Há quem considere Guerra dos mundos,
escrito em 1898 pelo inglês H. G. Wells, a
primeira história sobre a invasão de
extraterrestres ao planeta. Na época, o livro se prestava a vários simbolismos, como o medo britânico das intenções dos alemães do Kaiser, a crítica ao imperialismo e um claro alerta à industrialização. O cineasta americano Steven Spielberg decidiu reinterpretar a obra num contexto contemporâneo ainda mais carregado de alegorias. O filme Guerra dos mundos (War of the worlds, Estados Unidos, 2005), com estréia mundial na quarta-feira 29, afinal, foi rodado pós-atentado de 11 de setembro, quando os americanos são as forças invasoras de um território que não lhes pertence e a globalização aniquila individualismos. Assim, quem sempre retratou alienígenas pacíficos e fofinhos agora mostra demônios de outro mundo. É o “ET que virou gângster”, nas palavras do astro principal, Tom Cruise.

O resultado é o terror constante. Imagine Bagdá sob uma destruição
massificada por máquinas até então desconhecidas. Junte a isso
o genocídio em Ruanda, com corpos de milhares de inocentes flutuando
num rio e multidões de refugiados sem saber ao certo para aonde vão.
Acrescente o Holocausto judeu, com pessoas que há pouco eram vizinhos,
amigos ou parentes sendo transformadas em cinza nos crematórios. Tudo em cenários em que os campos, literalmente, são irrigados a sangue. Spielberg é cineasta competentíssimo, capaz de retratar os pesadelos humanos e exibir o resultado como se fossem slides de uma viagem de férias. Usa sempre este
truque: mistura o mágico com o familiar, como se tudo fosse corriqueiro.

Egocêntrico – H.G. Wells conta a trajetória de um sobrevivente de uma invasão marciana, que foge dos arrabaldes de Londres para a zona rural.
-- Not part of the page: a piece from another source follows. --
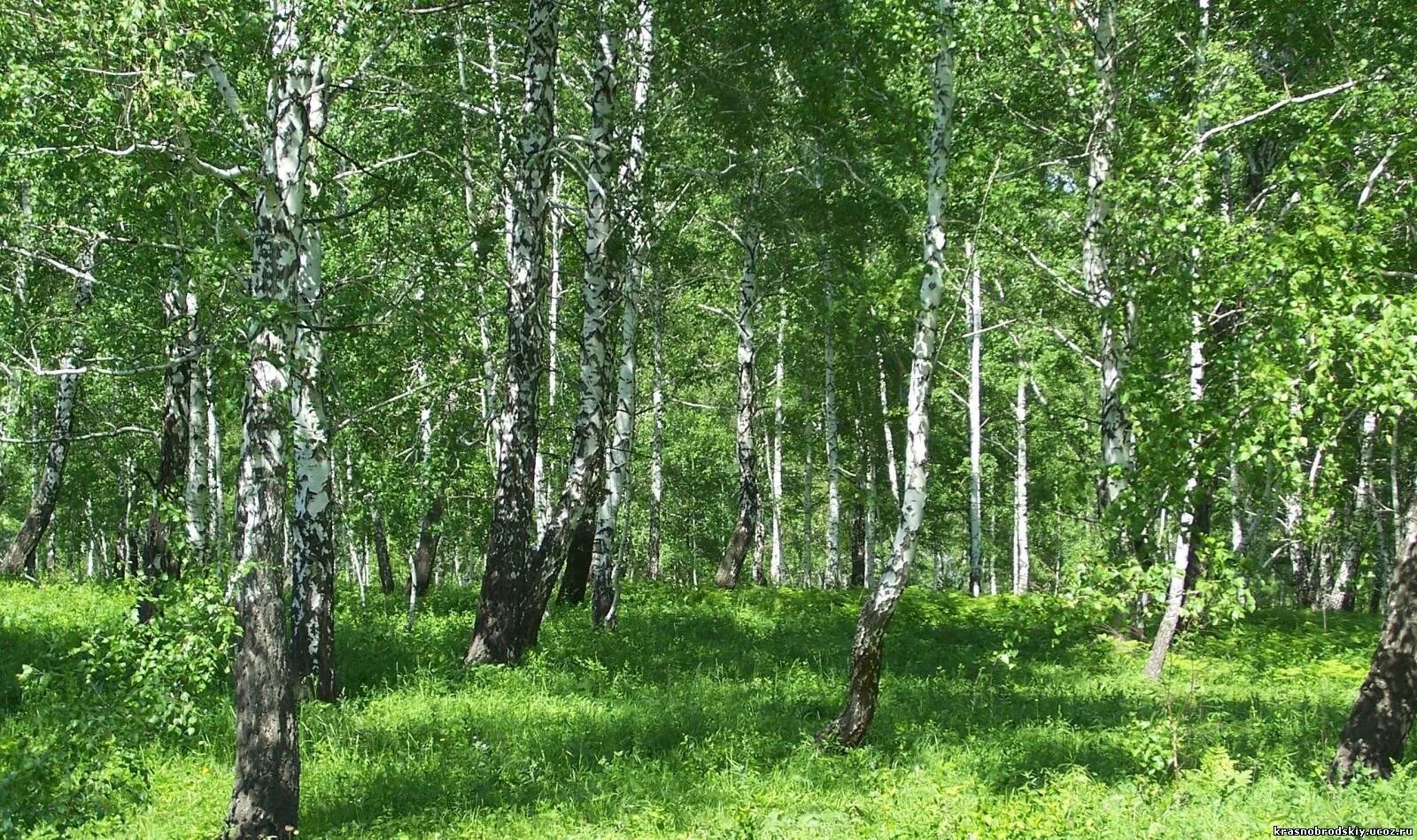 берёзовая роща сосновый бор. березовые рощи марий эл. березовая роща хвалынск. березово-лиственничный лес. троица береза.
Spielberg procurou outras freguesias e personagens. “Nós já fomos a Marte: não tem ninguém por lá”, disse. Assim, os alienígenas vêm de um planeta desconhecido. O personagem principal, Ray (Tom Cruise), ganha melhores contornos e bagagem pesadíssima, quando se vê na mesma jornada de retirada junto com o filho adolescente rebelde Robbie (o novato Justin Chatwin) e a filha criança Rachel (Dakota Fanning, um prodígio de 11 anos). O egocêntrico estivador divorciado – que não tem paciência nem para receber os filhotes durante um fim de semana – acaba tendo de se defrontar com forças universais e virar pai na marra. E o que é pior: o ponto de
partida é a zona estuária de Nova Jersey – que os nova-iorquinos consideram uma espécie de planeta menor.
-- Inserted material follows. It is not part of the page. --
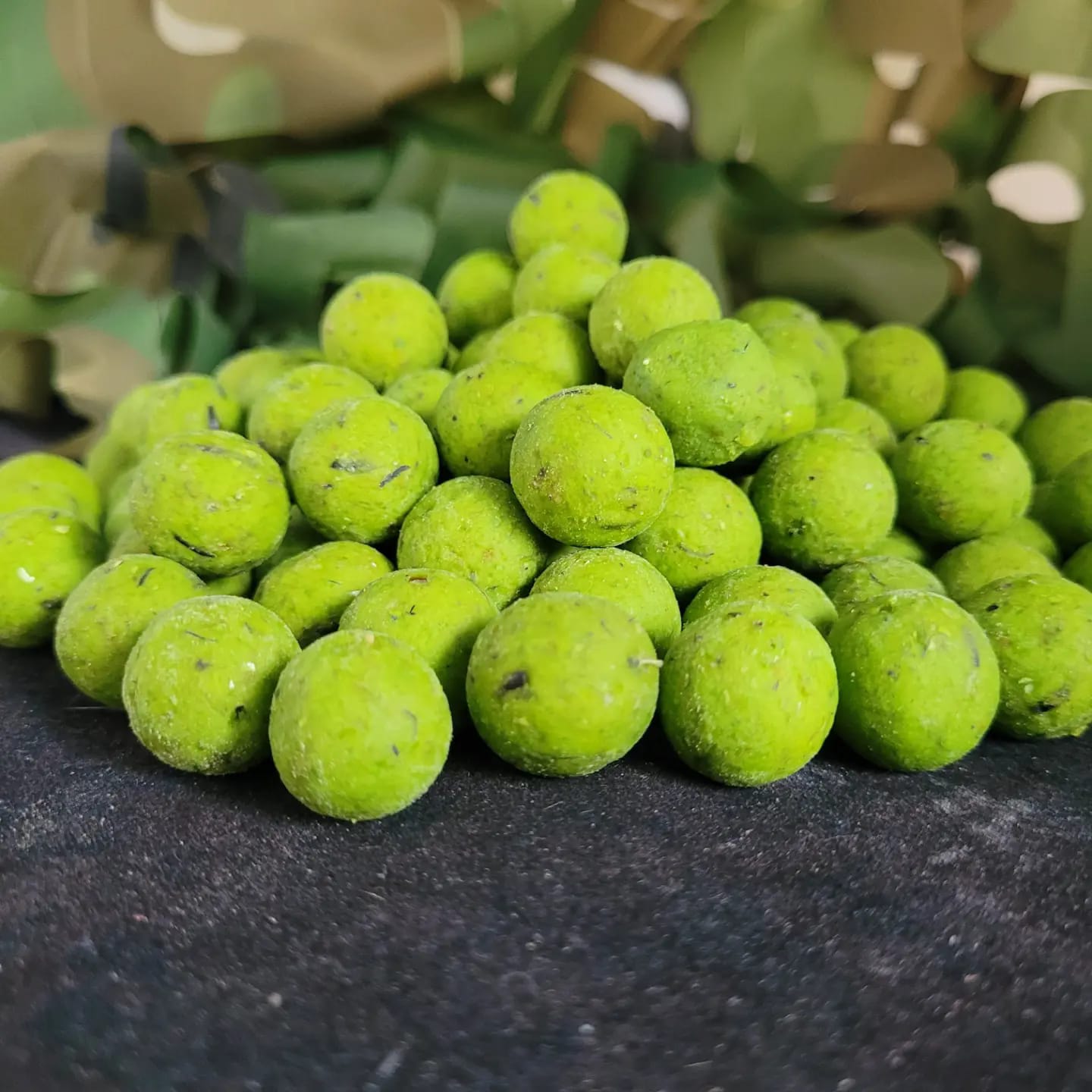 GLM Boilies (Green Lipped Mussel) TorBaits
“Steven é um otimista. Ele acredita que o melhor da humanidade surge durante as crises e tragédias”, disse a ISTOÉ o roteirista David Koepp. “E, quando ele me lembrou disso, eu corri para a máquina e escrevi a cena de um ataque da multidão
à família de Ray. Acho que nas crises também surge o que há de pior no ser humano”, diz. Mas, na versão spielberguiana desta guerra, a destruição do mundo serve apenas de cenário no processo de maturação de um pai e sua ligação com a prole. Foi tudo feito em tempo recorde: três meses. “Nunca fiz um filme tão depressa”, disse Tom Cruise. A verdade é que o período de produção foi multiplicado por dois, o que livrou diretor e atores de contratempos. “Durante as pesquisas para locações, encontrei, por exemplo, este local perfeito em Nova Jersey, onde existem vários restaurantes portugueses e brasileiros (Newark). Foi um achado que facilitou muito as filmagens, dando uma noção de comunidade multiétnica e ao mesmo tempo muito comum”, diz Dennis Muren, supervisor de efeitos visuais. Tanto que nossos patrícios colaboram na seqüência do início da invasão, quando se ouve distintamente uma brazuca dizendo ao fundo: “Nunca vi uma coisa dessas. O que está acontecendo?”
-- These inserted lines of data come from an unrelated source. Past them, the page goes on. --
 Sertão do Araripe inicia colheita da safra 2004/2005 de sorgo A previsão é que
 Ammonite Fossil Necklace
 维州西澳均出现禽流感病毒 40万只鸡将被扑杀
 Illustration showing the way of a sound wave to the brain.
O cineasta, escritor e radialista Orson Welles fez sua interpretação da Guerra dos mundos em 1938, o produtor George Pal levou a obra para as telas em 1953, mas ninguém antes de Spielberg teve US$ 135 milhões, efeitos especiais impensados e uma constelação de astros que vai de Cruise a Tim Robbins. O resultado dificilmente baterá a bilheteria de ET – o extraterrestre, mas, certamente, merece o carimbo de autenticidade de Steven Spielberg. Para os que leram Guerra dos mundos, esta versão será uma surpresa. Para os que não leram – sem querer estragar o final do filme –, fica a questão: como é que uma civilização tão avançada, que estudou nosso planeta durante milênios, não foi capaz de inventar uma roupa especial para seus astronautas? Parece invasão planejada pelo Pentágono.